→ **EXERCISE DETAILS**
Copy out the full data exactly as given; pictures should not be included.

○ ○ ○ ○

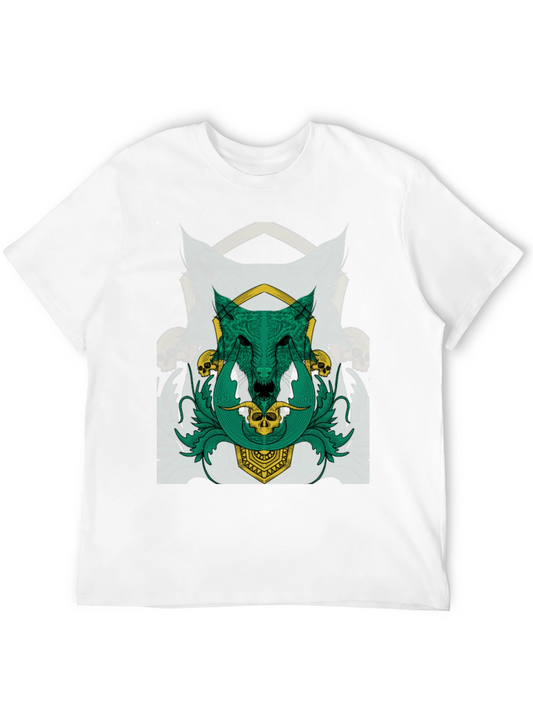 Wolf Skull Graphic Tee - Dark Fantasy Style Shirt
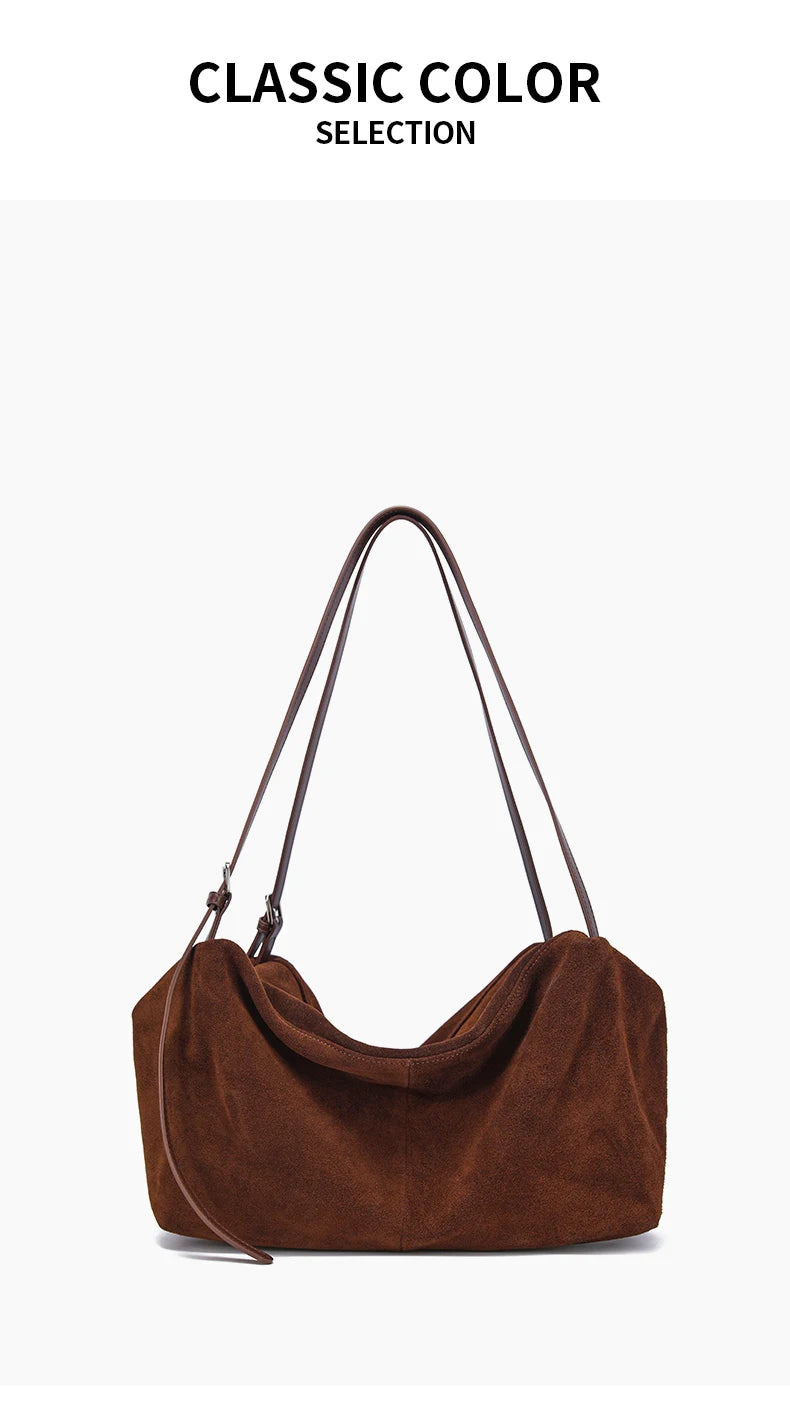 Women's Suede Cow Genuine Leather Shoulder Bags Ladies Soft Cowhide Crossbody Bag Female Design Luxury Lazy Commuting Handbag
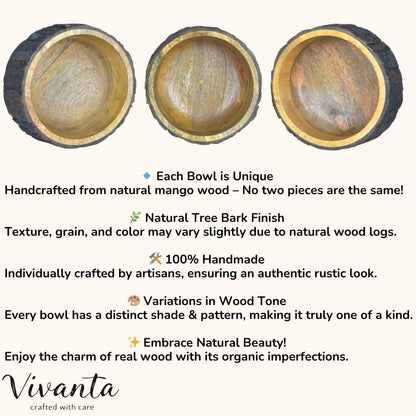 Handcrafted Mango Wood Decorative Bowl with Natural Bark Edge – Rustic Wooden Centerpiece Bowl for Potpourri, Candy Dish, Key Holder & Small Fruit Display – Farmhouse & Boho Home Décor Accent (7 Inch)
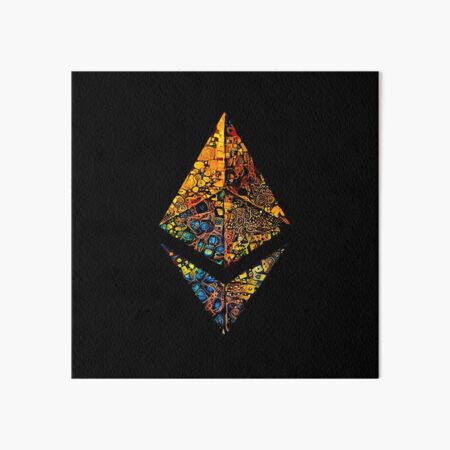 Crypto ETH "feuille d'or", logo Etherium. Impression rigide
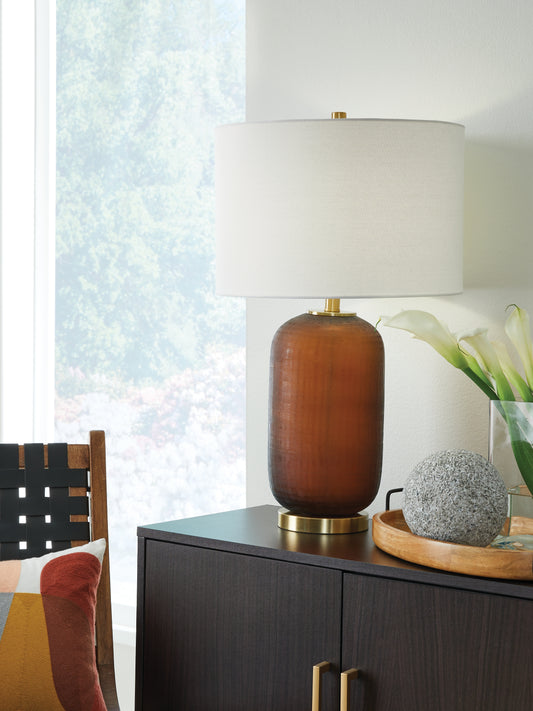Bradenton Furniture Outlet - Ashley Furniture - Farberman Lighting - Glass Table Lamp (1/CN) / Amber - L430864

○ ○ ○ ○

→ **OUTPUT FOR THIS EXERCISE**
 Wolf Skull Graphic Tee - Dark Fantasy Style Shirt
 Women's Suede Cow Genuine Leather Shoulder Bags Ladies Soft Cowhide Crossbody Bag Female Design Luxury Lazy Commuting Handbag
 Handcrafted Mango Wood Decorative Bowl with Natural Bark Edge – Rustic Wooden Centerpiece Bowl for Potpourri, Candy Dish, Key Holder & Small Fruit Display – Farmhouse & Boho Home Décor Accent (7 Inch)
 Crypto ETH "feuille d'or", logo Etherium. Impression rigide
Bradenton Furniture Outlet - Ashley Furniture - Farberman Lighting - Glass Table Lamp (1/CN) / Amber - L430864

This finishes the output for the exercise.